Read | World Model for Scaling Robot On Policy Training Data

Hi-WM: Human-in-the-World-Model for Scalable Robot Post-Training

https://arxiv.org/abs/2604.21741

INSIGHT world model 除了当生成器和评估器，还可以在OPD中用来 scale on policy 数据（by human in the loop in this case）

Main

把 human-in-the-loop 从物理世界搬到世界模型里。Policy 在 World Model 里闭环 rollout，人类在观察到轨迹崩溃的时候介入，提供修正动作，然后 world model 继续预测。因为状态可以缓存，一个失败点可以回滚后分支成多条修正轨迹，高密度地收集失败状态周围的监督信号。

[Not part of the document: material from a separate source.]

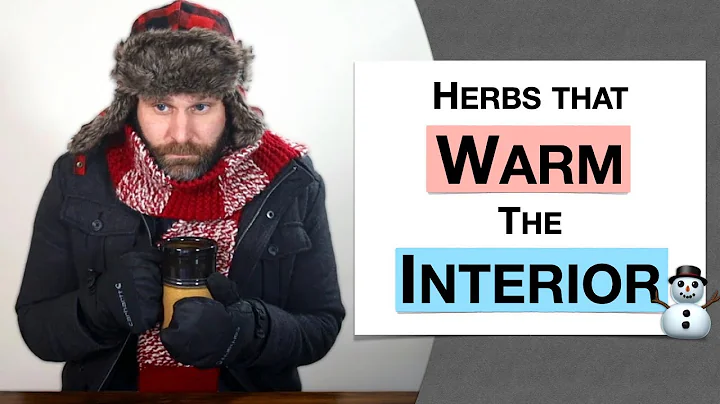 🌿 Herbology 3 Review - Herbs that Warm the Interior (Extended Live Lecture)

其中对于干预流程：人类输入连续动作 → 世界模型在潜在空间做状态转移 → 解码出下一帧 → Policy 继续

Tech Detail

WM: visual encoder → latent dynamics → visual decoder from scratch Action: 14 维连续控制信号（双臂各 6DoF 位姿 + 夹爪）

键盘、机械臂或 VR 控制器 -> action空间

Limit

人类输入修正动作仅教会 policy 如何在 easy fail case success (online policy). 如果当前状态已经是 world model 没见过的 edge case，需要用真实 dataset 来覆盖

§4.2 without edge-case data, the model exhibits clear positioning errors in several boundary regions, and the realized end-effector position deviates from the target specified in the world mode

After augmentation, these errors are substantially reduced, and physical execution becomes much better aligned with the target.

adding edge-case data at only about 30% of the regular-scene data volume already yields clear gains

i.e. Hi-WM only scale sweet point, but the scale of sweet point ( and the “easy to predict but hard for action model to output correct policy - that’s the juicy point ) already make the model performs way better.

实验

Base 42-76%，Hi-WM 92-100%

WM-CL（无人类干预，只收集 world model 里的成功轨迹）已经提升了约 19%，Hi-WM 再提升约 19%。作者的解释是 WM-CL 只是重复教 policy 已经会的东西，Hi-WM 教它不会的东西。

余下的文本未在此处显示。